VI. DEUX POINT FAIBLES DU DISPOSITF DE MISE EN APPLICATION DES LOIS
A. LE SORT OBJECTIVEMENT MOINS FAVORABLE RÉSERVÉ AUX MESURES D'INITIATIVE PARLEMENTAIRE
À partir du moment où les membres du Parlement disposent du même droit d'initiative législative que le Gouvernement, il serait légitime que les dispositions législatives issues de l'initiative parlementaire (propositions de loi ou amendements) soient mises en application avec la même diligence que les dispositions d'origine gouvernementale.
Or, tel n'est pas le cas, comme le confirme le tableau ci-après, tiré des données disponibles dans la base APLEG, donnant un aperçu du suivi réglementaire des dispositions législatives introduites au cours de la session par voie d'amendement (autre que les amendements en CMP) :
Suivi réglementaire des dispositions
législatives
introduites par voie d'amendement durant la session
2012-2013
Origine de l'amendement |
Gouvernement |
Assemblée nationale |
Sénat |
Mesures prévues |
30 |
85 |
33 |
Mesures prises |
20 |
41 |
8 |
Pourcentage de mise en application |
67 % |
48 % |
24 % |
(*) Source base APLEG
Ce tableau permet aussi de constater -au moins sur la dernière session- qu'au sein des mesures législatives d'origine parlementaire, le sort des dispositions résultant d'une initiative sénatoriale est moins favorable que celui réservé aux dispositions venant de l'Assemblée nationale, elles-mêmes moins bien traitées que celles émanant du Gouvernement 4 ( * ) ...
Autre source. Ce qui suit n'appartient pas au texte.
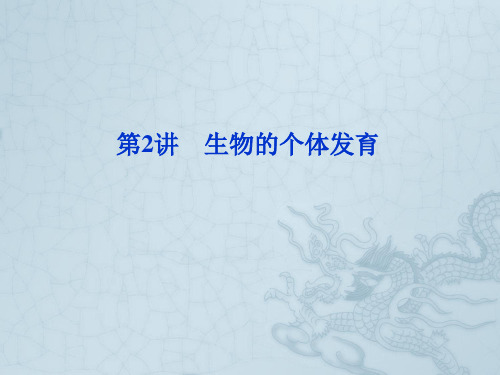 【优化方案】高考生物总复习 第5章第2讲生物的个体发育课件 大纲人教版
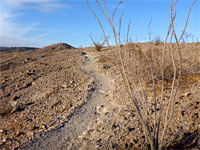 Ocotillo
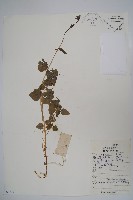 台參藏品圖，第1張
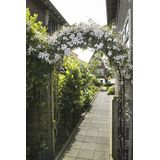 <p>Deze metalen tuinboog van Nature is een ideale decoratieve ondersteuning voor klimplanten zoals kamperfoelie, clematis en rozen. De boog is gemaakt van epoxy gelamineerd, gegalvaniseerd staal en heeft een hoogte van 229 cm. Met afmetingen van 113 x 38 cm (L x B) is deze tuinboog perfect voor de ingang van je tuin.</p>
<p>De tuinboog is niet alleen functioneel, maar ook een prachtige toevoeging aan je tuin. Het zwarte design zorgt voor een stijlvolle uitstraling die goed past bij verschillende tuinstijlen. Door de stevige constructie biedt de boog voldoende ondersteuning aan je klimplanten, zodat ze optimaal kunnen groeien en bloeien.</p>
<p>Deze tuinboog is gemaakt van hoogwaardig materiaal en is daardoor duurzaam en weerbestendig. Je kunt dus jarenlang genieten van deze mooie toevoeging aan je tuin. Plaats de boog bij de ingang van je tuin of gebruik hem als eyecatcher in een bloemenperk. De mogelijkheden zijn eindeloos!</p>
<ul>
  <li>Materiaal: epoxy gelamineerd, gegalvaniseerd staal</li>
  <li>Kleur: zwart</li>
  <li>Hoogte: 229 cm</li>
  <li>Afmetingen: 113 x 38 cm (L x B)</li>
</ul>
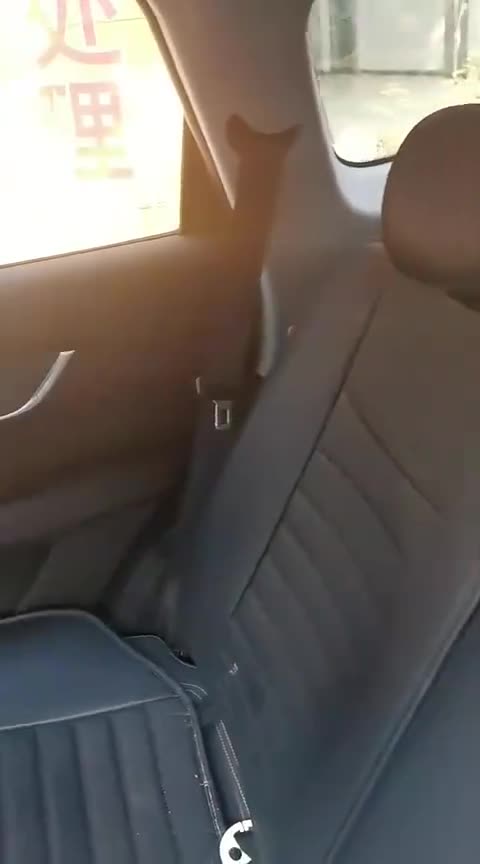 瑞虎8空间怎么样？车主实拍值得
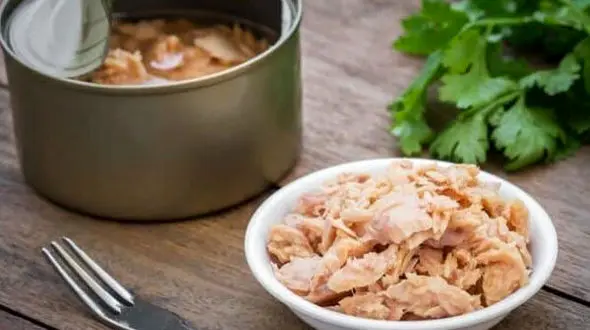 پشت پرده کنسرو تن ماهی با پنبه + فیلم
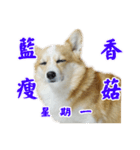 corgi Q BEE's daily（個別スタンプ：7）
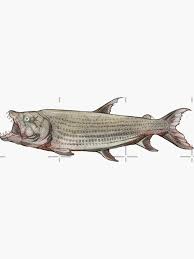 Image result for Goliath Tigerfish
Sur ce point, la perception est assez variable d'une commission à l'autre. La commission des lois considérait ainsi, dans son précédent bilan annuel, que pour les lois la concernant « [...] statistiquement, ces textes font l'objet d'un taux de mise en application équivalent à ceux des projets de loi », que l'on compte en nombre de lois ou en nombre de mesures ; dans son bilan pour 2012-2013, elle reste sur la même position, considérant la « mise en application des mesures d'origine parlementaire comparable aux autres mesures [...] Autrement dit, le Gouvernement n'est pas enclin à adopter plus vite les mesures réglementaires qu'il a lui-même générées ».
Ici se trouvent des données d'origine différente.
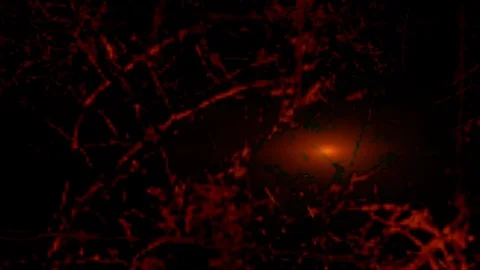 Spooky Lights in the Dark Woods 動画素材 90235692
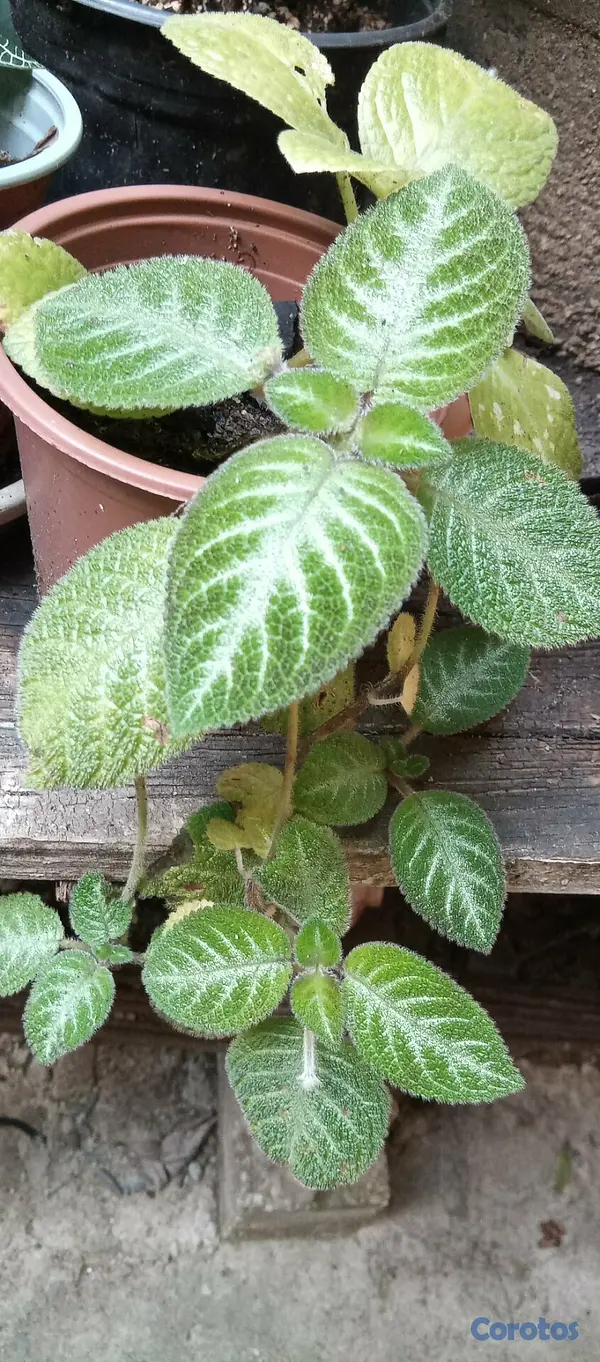 decoración y accesorios - Plantas de sol económicas 5
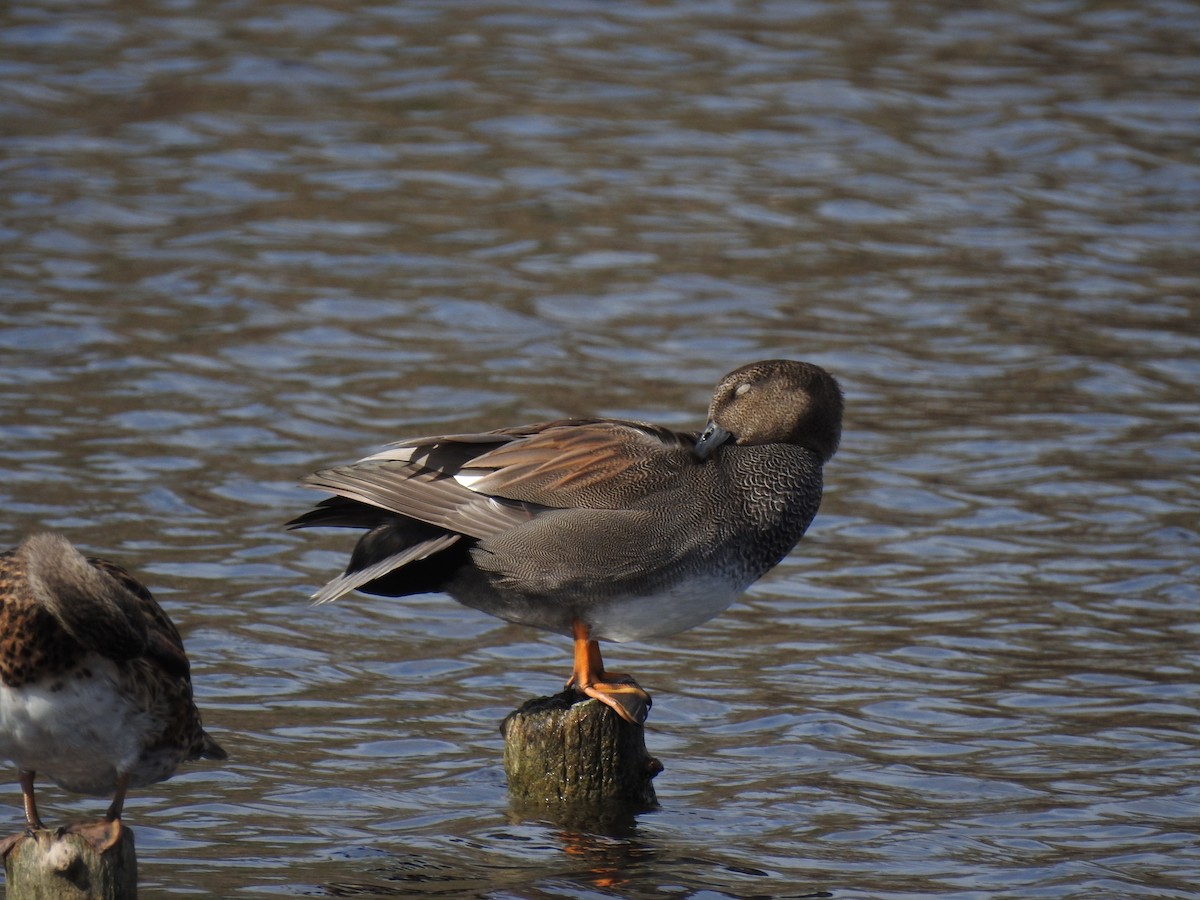 赤膀鴨 - ML647621130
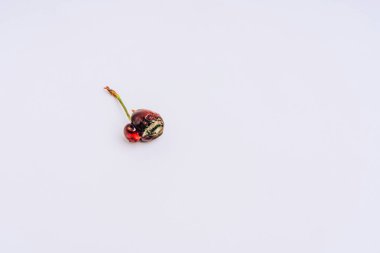 Beyaz bir arka plan üzerinde bozulmuş kiraz. Hafif bir arka plan üzerinde küflü tatlı kiraz. Buruşuk kırmızı dut. Meyvelerin yanlış depolanması ve taşınması. Çürük kiraz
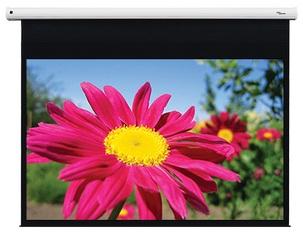 Optoma DE-1095EGA 95 inch gemotoriseerd projectiescherm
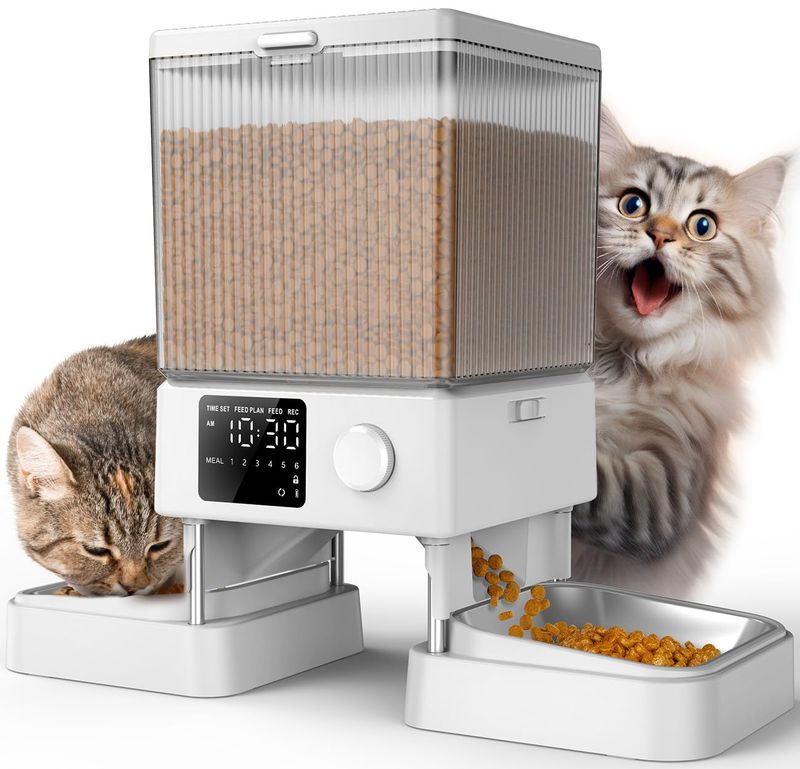 Automatic Cat Feeder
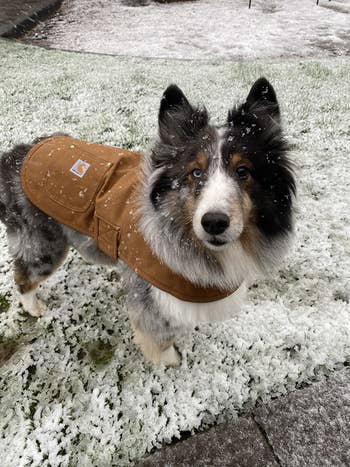 a reviewer's sheltie wearing the coat in brown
En comparaison, certaines commissions se montrent plus critiques. C'est le cas, bien entendu, de la commission des affaires étrangères, dont la seule loi d'origine parlementaire adoptée ces dernières années n'est toujours pas mise en application près de trois ans après sa promulgation (en l'occurrence, la loi du 28 juillet 2011 tendant à faciliter l'utilisation des réserves militaires et civiles en cas de crise majeure - cf. supra ).
Dans le même sens, la commission des affaires économiques déplore que la loi du 8 décembre 2011 relative aux certificats d'obtention végétale (issue d'une proposition de loi de M. Christian Demuynck et plusieurs de ses collègues, unique loi d'initiative sénatoriale parmi les vingt-six dont elle assure le suivi) ne soit applicable qu'à hauteur de 12 %, et n'ait reçu aucune mesure réglementaire depuis le 31 mars 2013 ; elle juge « regrettable de constater que la seule loi d'initiative sénatoriale soit celle dont le taux d'application est le plus faible. Les décrets encore attendus par ce texte, contesté politiquement [...] avaient été annoncés pour la fin du premier semestre 2013, au terme d'une concertation engagée avec les parties intéressées. Ils n'ont, à ce jour, toujours pas été publiés ».
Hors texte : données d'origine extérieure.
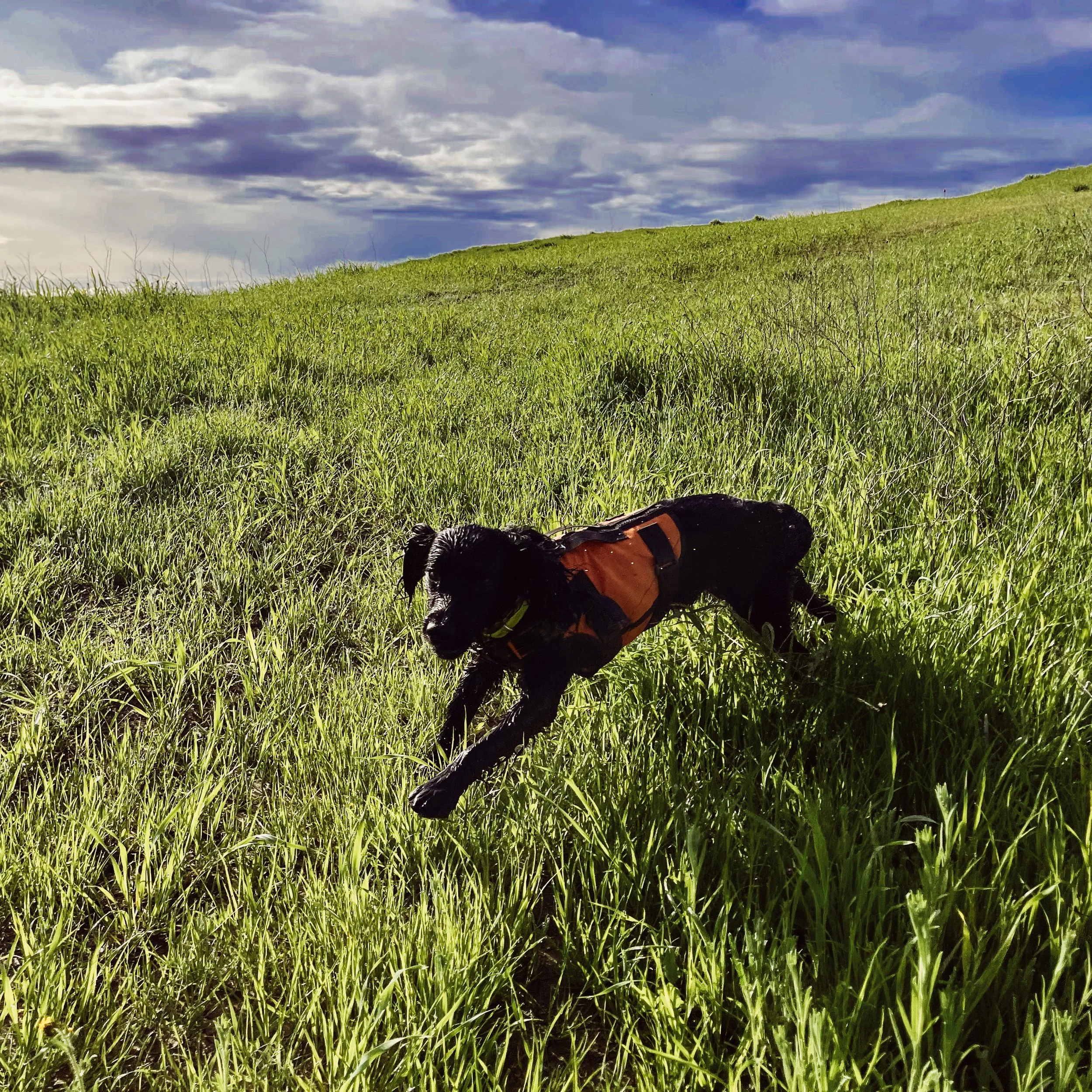 Reading Alan: What a Flushing Dog's Posture, Tail Set, and Cadence Tell You About a Covey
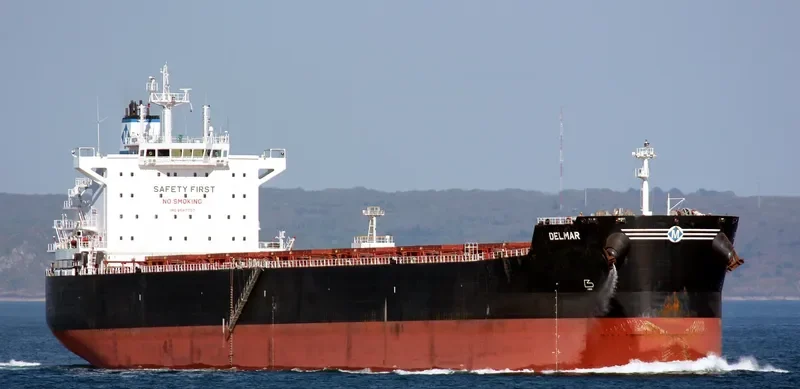 STARDUST Bulk Carrier IMO 9597757 photo 7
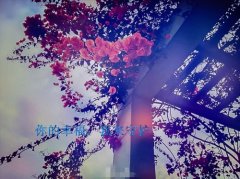 你要爱我宠我经典语录(精选151句)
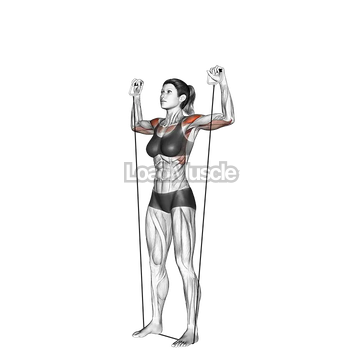 Shoulder Press (with band)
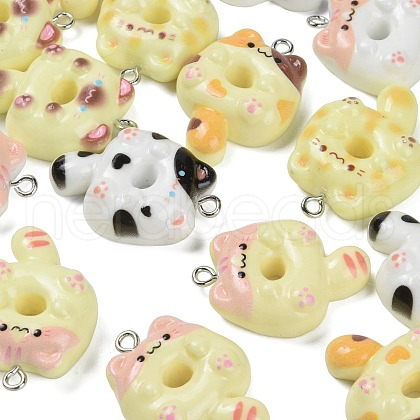 Resin Pendants FIND-K022-03P-1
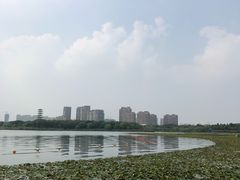 -暨阳湖生态园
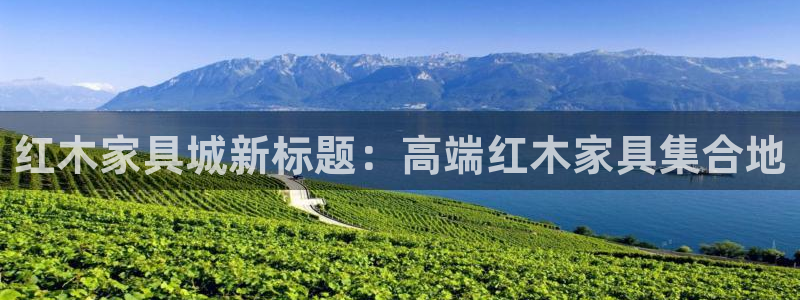 安信12平台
Le 11 juin, lors de l'audition du secrétaire d'État chargé des relations avec le Parlement, Mme Isabelle Debré a clairement évoqué cette question : « Les travaux de la commission des affaires sociales offrent plusieurs exemples éloquents du régime de deux poids, deux mesures... Les dix textes réglementaires attendus pour le contrat de génération ont été pris dans les deux semaines qui ont suivi la promulgation de la loi ; sur les emplois d'avenir, le premier décret est sorti six jours après. À côté de cela, quatre lois issues d'initiatives parlementaires n'ont fait l'objet, sur les quatorze décrets attendus, d'aucune mesure d'application ! D'où l'impression que le gouvernement choisit les lois qu'il veut voir appliquer ». Le ministre a bien sûr jugé qu'une telle attitude serait inacceptable, mais les statistiques de cette année incitent à demeurer vigilant sur ce point, car il touche non seulement au respect du droit d'initiative parlementaire, mais également à l'égalité des deux assemblées sur ce terrain.
* 4 Sans qu'on doive en déduire une règle générale, s'agissant d'un décompte assez délicat en pratique, en raison de l'évolution des textes au cours de la navette parlementaire.